瑾视朝臣如奴仆,稍不如意,轻则鞭答,重则下狱处死。三年(公元1508年)六月,有揭瑾罪恶之匿名书遗于道,瑾令百官跪于奉天门外责之。时值酷暑,曝死者三人,致病者多人。又执五品以下三百余人下狱。
八月,矫诏立内行厂,以利其专权。内行厂比东厂、西厂尤酷烈。
是年,瑾修理庄田,占官地五十余顷,毁官民房三千九百余间,发坟二千七百余座。
五年(公元1510年)四月,安化王朱寘鐇以诛刘瑾为名,反于宁夏。厚照启用前右都御史杨一清率军讨之,以太监张永为监军。时永与瑾不和,一清乃深结永,密谋诛瑾。及乱平,永回京,向厚照奏瑾十七不法事。厚照下令捕瑾入狱,抄其家得金银珠宝无数,又搜出玉带、蟒衣、弓弩等禁物。厚照大怒,磔瑾于市。诸被害人,争买其肉而食之。其党或处死,或削为民。
刘瑾既除,乃召还被贬大臣。但厚照仍不理政事,淫乐如故。政权由太监魏彬等人操纵,被复大臣亦陆续被罢,朝政依旧,叛乱蜂起。
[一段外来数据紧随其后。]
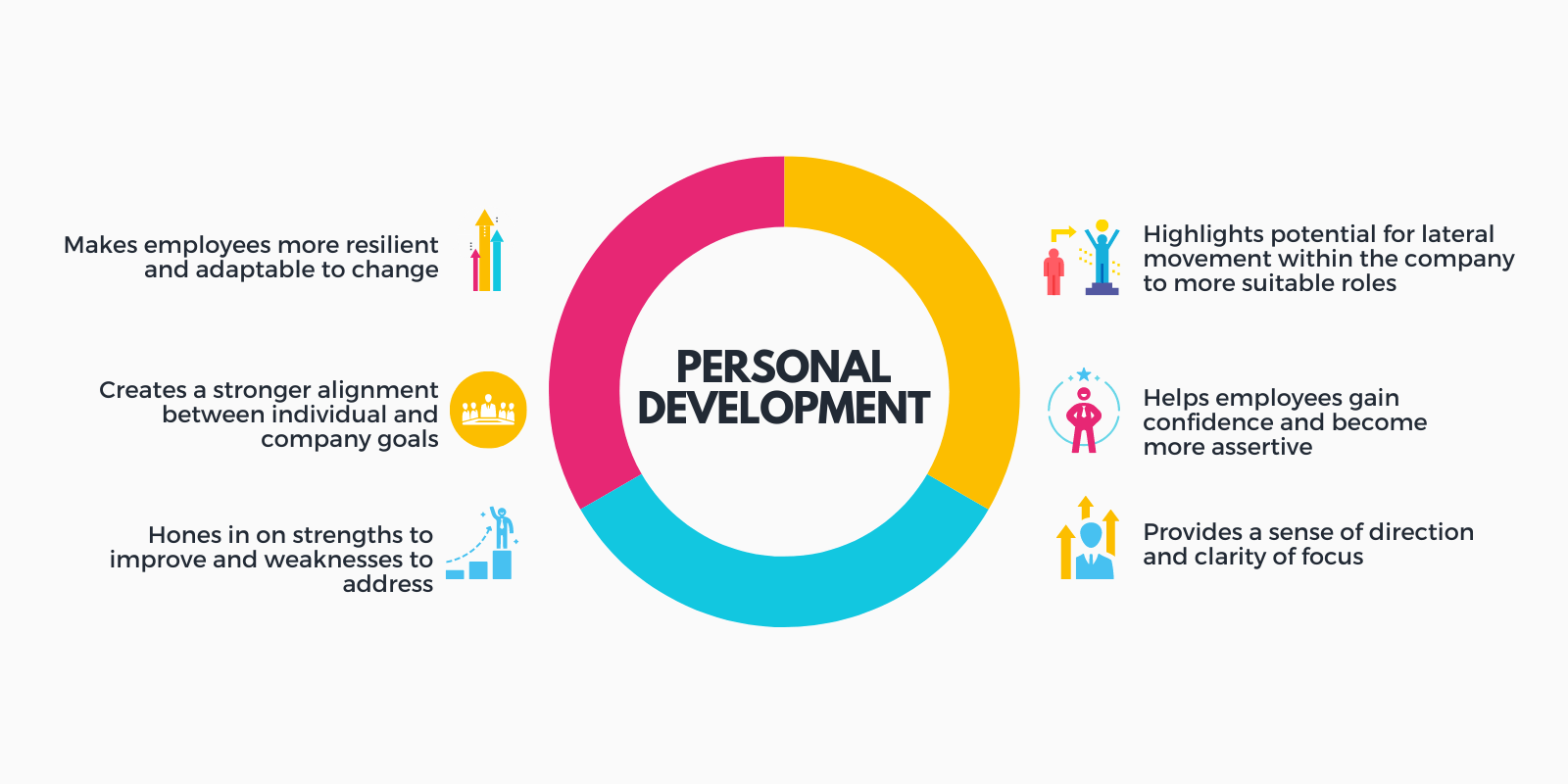 Top 5 Key Benefits of Personal Development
是年十月,刘六、刘七兄弟起义于霸州(今河北霸县)。次年与杨虎联合,众至数万,分兵攻河南、山东,曾三次逼近京城。
其他如江、淮、楚、蜀之地,亦相继乱起,道路中断。
不久,朝廷大权落入江彬之手。
江彬,宣府(今河北宣化县)人。初为蔚州卫指挥佥事。六年(公元1511年)参与镇压起义军。在战争中,曾中三矢,其一着面,拔之再战,厚照壮之。次年,其乱浙平,彬还镇过京,左都督钱宁荐之。厚照见其机警,相貌魁梧,善骑射,遂留身边。彬常言兵事,并请调辽东、宣府、大同、延绥四镇精兵入京,厚照从之,以彬统之。每操练,厚照戎服临之,铳炮之声不绝禁中。
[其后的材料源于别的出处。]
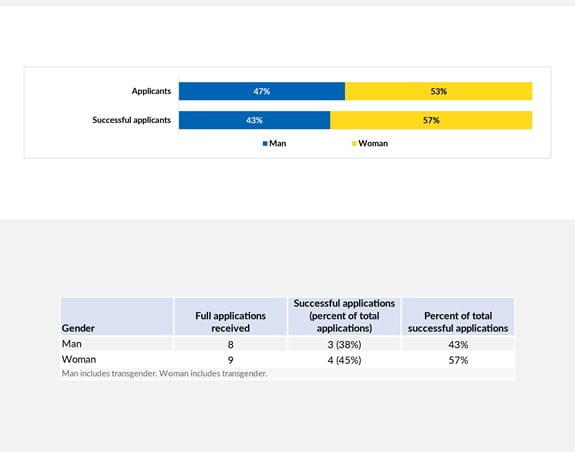Competition results by gender identity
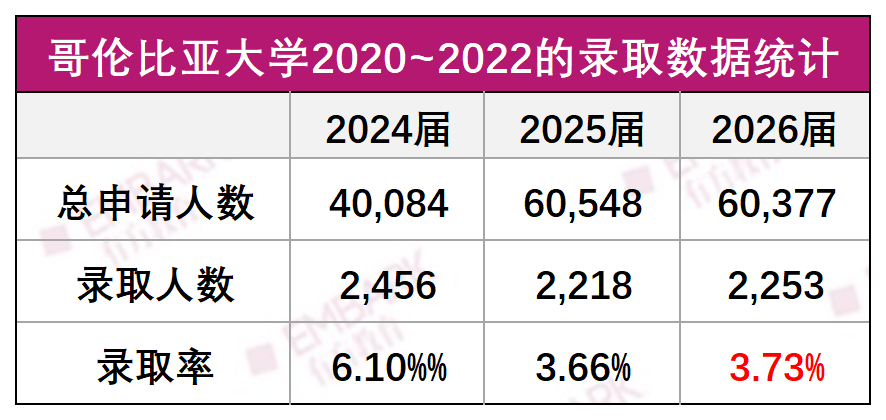 IVY DAY藤校放榜日！哈佛录取率3.19%再破新低，北京地区总录取领跑全国！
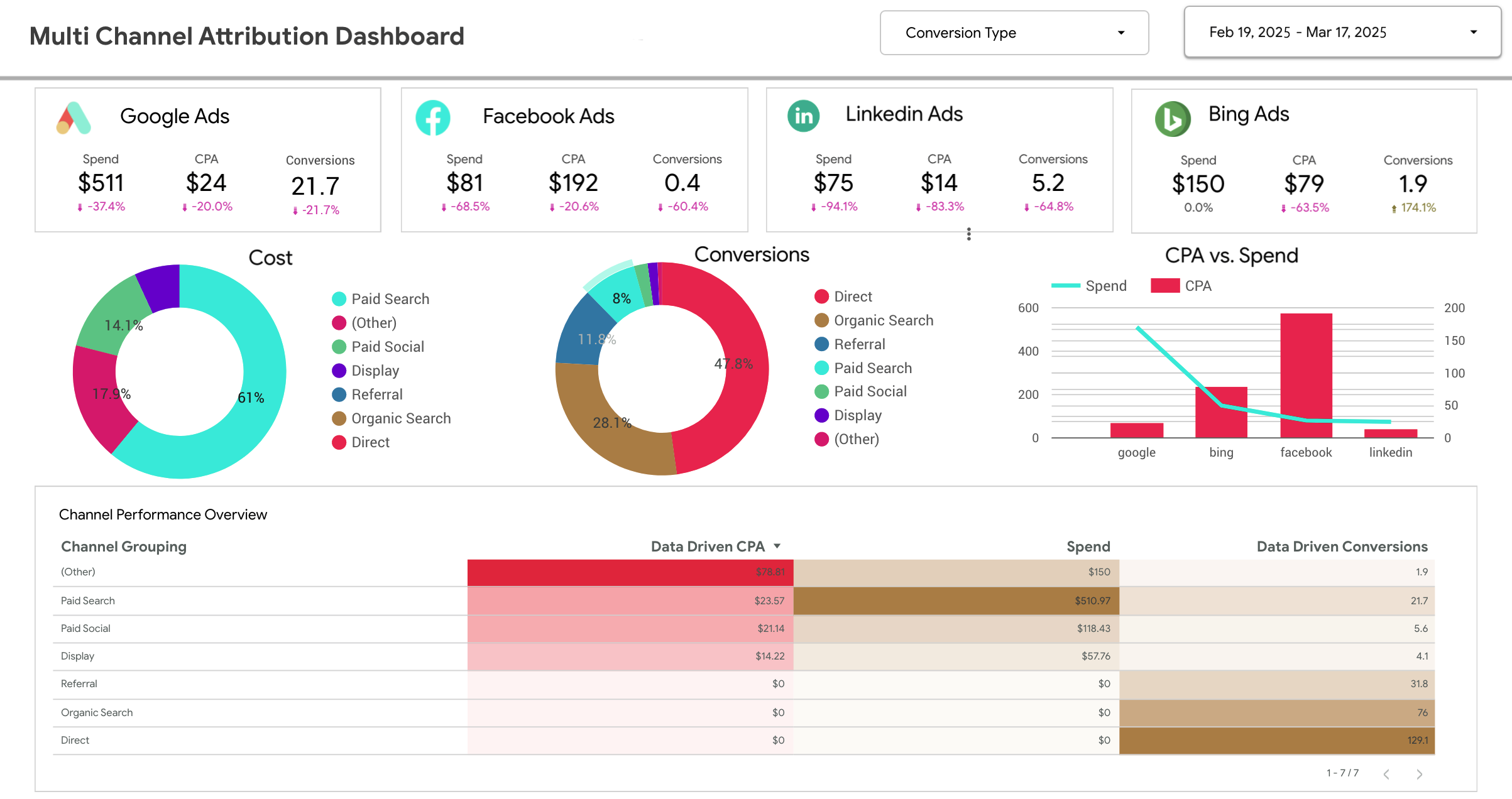 multi touch attribution model dashboard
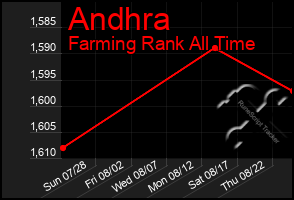 Total Graph of Andhra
彬与诸宠狼狈为奸,阻诸司章疏上达,又常导厚照郊游。十二年(公元1517年)八月,彬言宣府乐工多美人,厚照遂微服至宣府。彬又导其夜入民家索妇女,厚照乐而忘返。九月,至阳和,适鞑靼数万骑入寇,诸将力战,始退去。厚照以捷闻京,自称威武大将军、太师镇国公朱寿。
十三年(公元1518年)正月,还京。居十四日,又出游宣府。二月,太皇太后死,乃还京。四月,乘发丧祭陵之便,又至密云等处游猎;彬则掠良家妇女数十车以随,其中因羞愤而死者不少。
七月,从江彬言,以边关多事为由,率师亲征,实財欲遍游塞上。经宣府、大同、榆林,十二月,至太原。沿途勒索财物,大征女乐,纳守臣妻妾。出游期间,升赏内外官九千五百五十余人,江彬等皆为伯。
十四年(公元1519年)正月,始返京。历数千里,从者多病,而厚照无倦容。二月,又欲南巡。阁臣闻之,纷纷上疏切谏。厚照、江彬阅后大怒,下兵部郎中黄巩等六人于狱,其余一百〇七人罚跪午门外五日,又杖之于庭,死者十一人。
六月,江西宁王朱宸濠反,厚照又假亲征之名南游。八月,离京南下。二十六日,至涿州(今河北涿县),南赣巡抚王守仁捷报至(七月二十七日宸濠之叛已平)。厚照恐诸臣知之,无词南下,乃秘而不宣,继续南下。经临清、淮安、扬州,十二月,至南京。
在南京,其从官部众达十余万人,日费万金;加之近幸乘机勒索,应天府尹齐宗道,无力供应,忧惧而死。
十五年(公元1520年)九月,渔于清江浦(在今江苏清江市)积水池,船翻落水,遂得病。十二月,还京师。十六年(公元1521年)三月十四日,死于豹房。在位十七年,死时三十一岁。五月,尊谥曰承天达道英肃睿哲昭德显功弘文思孝毅皇帝,庙号武宗。因年号正德,故又称正德皇帝。葬康陵(在今北京昌平县天寿山下,即十三陵)。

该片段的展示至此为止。